L’affaire a été rappelée à l’audience du 9 juin 2017 où une nouvelle date de délibéré a été fixée,la médiatrice ayant informé la cour de l’échec de la médiation.
MOTIVATION
Sur la requalification du contrat à durée déterminée
Selon l’article L. 1242-1 du code du travail dans sa rédaction applicable à la date de conclusion du contrat, le contrat de travail à durée déterminée, quel que soit le motif ne peut avoir ni pour objet ni pour effet de pourvoir durablement un emploi lié à l’activité normale et permanente de l’entreprise.
Sous réserve des dispositions des articles L 1242-3, L 1242-7, L 1243-13, L 1242-8, L 1244-4, il ne peut être conclu que pour exécution d’une tâche précise et temporaire et seulement dans les cas énumérés à l’article L1242-2, lequel vise en son 3° l’accroissement temporaire d’activité.
En l’espèce, le contrat à durée déterminée conclu le 1er mars 1991 pour une période allant jusqu’au 30 août 1991 se borne à mentionner comme motif de recours ” le lancement des émissions en langue farsi”.
Faute de viser l’un des motifs de recours prévus par la loi, la requalification est encourue; au surplus, vainement la société appelante soutient-elle que l’activité confiée à la salariée constituait une expérience nouvelle correspondant à un accroissement temporaire d’activité; l’embauche de la salariée s’inscrivant dans un projet de lancement de rédaction persane qui avait vocation à perdurer montre que la salarié était recrutée pour occuper un poste permanent.
Contrairement à ce qu’indique la société, le fait que le contrat à durée déterminée a été suivi d’un contrat à durée indéterminée conclu par lettre du 16 septembre 2011 n’empêche pas la salariée de solliciter la requalification du contrat à durée déterminée initial irrégulier pour ne pas viser l’un des motifs légaux de recours.
Par confirmation du jugement, la cour fait droit à la demande de requalification.
La salariée est fondée à obtenir une indemnité de requalification qui ne peut être inférieure au dernier salaire mensuel perçu avant la saisine de la juridiction prud’homale, soit au vu du bulletin de paie de juin 2011 la somme de 3907,11 euros ; l’indemnité allouée à hauteur de 4500 euros non critiquée par l’employeur ni par la salariée est confirmée.
Il est précisé que contrairement à ce qu’affirme l’employeur, la demande d’indemnité de requalification n’est pas prescrite : la prescription de cinq ans applicable, sans que la durée totale de prescription excède la durée trentenaire antérieurement prévue a couru à compter de la loi du 17 juin 2008 applicable à la date de saisine de la juridiction prud’homale, en sorte qu’en saisissant cette dernière le 30 juin 2011, la salariée ne peut se voir opposer l’irrecevabilité de sa demande.

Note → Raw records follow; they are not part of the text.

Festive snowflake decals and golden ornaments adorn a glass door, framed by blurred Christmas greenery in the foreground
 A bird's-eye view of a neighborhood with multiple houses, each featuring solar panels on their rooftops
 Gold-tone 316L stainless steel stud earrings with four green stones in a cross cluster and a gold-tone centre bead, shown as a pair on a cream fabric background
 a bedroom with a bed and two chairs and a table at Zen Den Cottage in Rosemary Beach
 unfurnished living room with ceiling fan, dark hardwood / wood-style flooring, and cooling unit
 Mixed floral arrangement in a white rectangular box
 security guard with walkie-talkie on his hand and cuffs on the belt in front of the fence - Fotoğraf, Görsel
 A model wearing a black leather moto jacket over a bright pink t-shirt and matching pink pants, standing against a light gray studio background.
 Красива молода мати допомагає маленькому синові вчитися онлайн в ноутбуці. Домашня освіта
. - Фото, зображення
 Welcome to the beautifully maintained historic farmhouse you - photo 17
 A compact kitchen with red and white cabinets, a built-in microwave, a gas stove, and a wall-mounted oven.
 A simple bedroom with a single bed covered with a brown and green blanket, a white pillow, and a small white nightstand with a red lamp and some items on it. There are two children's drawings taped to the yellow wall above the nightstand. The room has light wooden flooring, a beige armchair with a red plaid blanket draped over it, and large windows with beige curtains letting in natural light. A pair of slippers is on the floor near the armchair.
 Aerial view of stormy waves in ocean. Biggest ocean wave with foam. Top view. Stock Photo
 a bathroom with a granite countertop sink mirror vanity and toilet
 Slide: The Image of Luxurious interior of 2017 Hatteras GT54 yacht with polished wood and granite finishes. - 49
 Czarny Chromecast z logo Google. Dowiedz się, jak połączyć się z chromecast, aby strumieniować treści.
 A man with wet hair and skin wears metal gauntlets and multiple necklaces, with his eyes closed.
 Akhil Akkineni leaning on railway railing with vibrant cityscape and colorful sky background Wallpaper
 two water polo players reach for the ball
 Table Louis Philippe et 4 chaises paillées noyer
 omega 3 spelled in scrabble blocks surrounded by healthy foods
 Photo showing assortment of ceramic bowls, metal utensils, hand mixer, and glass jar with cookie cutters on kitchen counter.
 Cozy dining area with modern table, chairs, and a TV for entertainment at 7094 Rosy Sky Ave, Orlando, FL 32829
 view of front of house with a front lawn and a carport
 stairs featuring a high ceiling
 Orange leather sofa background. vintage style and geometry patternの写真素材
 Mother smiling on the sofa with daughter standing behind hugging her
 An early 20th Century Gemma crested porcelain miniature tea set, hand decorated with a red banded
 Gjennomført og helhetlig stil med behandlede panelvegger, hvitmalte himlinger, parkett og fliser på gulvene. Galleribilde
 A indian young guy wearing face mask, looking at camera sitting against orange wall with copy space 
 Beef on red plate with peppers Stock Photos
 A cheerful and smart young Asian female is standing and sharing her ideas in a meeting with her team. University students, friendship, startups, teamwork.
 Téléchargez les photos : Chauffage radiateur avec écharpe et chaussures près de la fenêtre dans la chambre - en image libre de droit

Sur la qualification retenue à l’embauche
L’appelante recrutée en qualité de journaliste stagiaire indice 920 revendique la qualification de journaliste spécialisé indice 1280 dès l’embauche.
L’annexe 3 de l’avenant audiovisuel à la convention collective nationale des journalistes CCNTJ définit le journaliste spécialisé comme étant un journaliste :
« possédant dans une ou plusieurs disciplines, une qualification reconnue, sanctionnée notamment soit par des diplômes, soit par des stages spécialisés, soit par une pratique journalistique dans les disciplines concernées ne pouvant être inférieure à 3 ans ”.
La salariée justifie posséder de nombreux diplômes délivrés avant son embauche (un doctorat d’Etat en psychologie sociale effectué au sein de l’Université de [Établissement 1] qui lui a valu de bénéficier d’une convention de recherche avec le CNRS, un doctorat de 3e cycle en science de l’éducation obtenu au sein de l’université [Établissement 1], une maîtrise en sciences de l’éducation, une maîtrise en littérature française, une licence en traduction obtenue à l’École [Établissement 2] à [Localité 3]) et être au moment de l’embauche chargée d’enseignement au sein de l’Université [Localité 5] ; il n’est pas démenti qu’elle parlait couramment le français, le persan et l’anglais et que son recrutement s’est fait à partir d’une sélection sur dossier d’une trentaine de candidats et de sa réussite à un concours comprenant trois exercices dont une revue de presse et la conception d’une dépêche.
Par ailleurs elle justifie avoir co-signé en janvier 1984 un article pour la revue le Monde de l’éducation intitulé ” L’iran avant et après la révolution”.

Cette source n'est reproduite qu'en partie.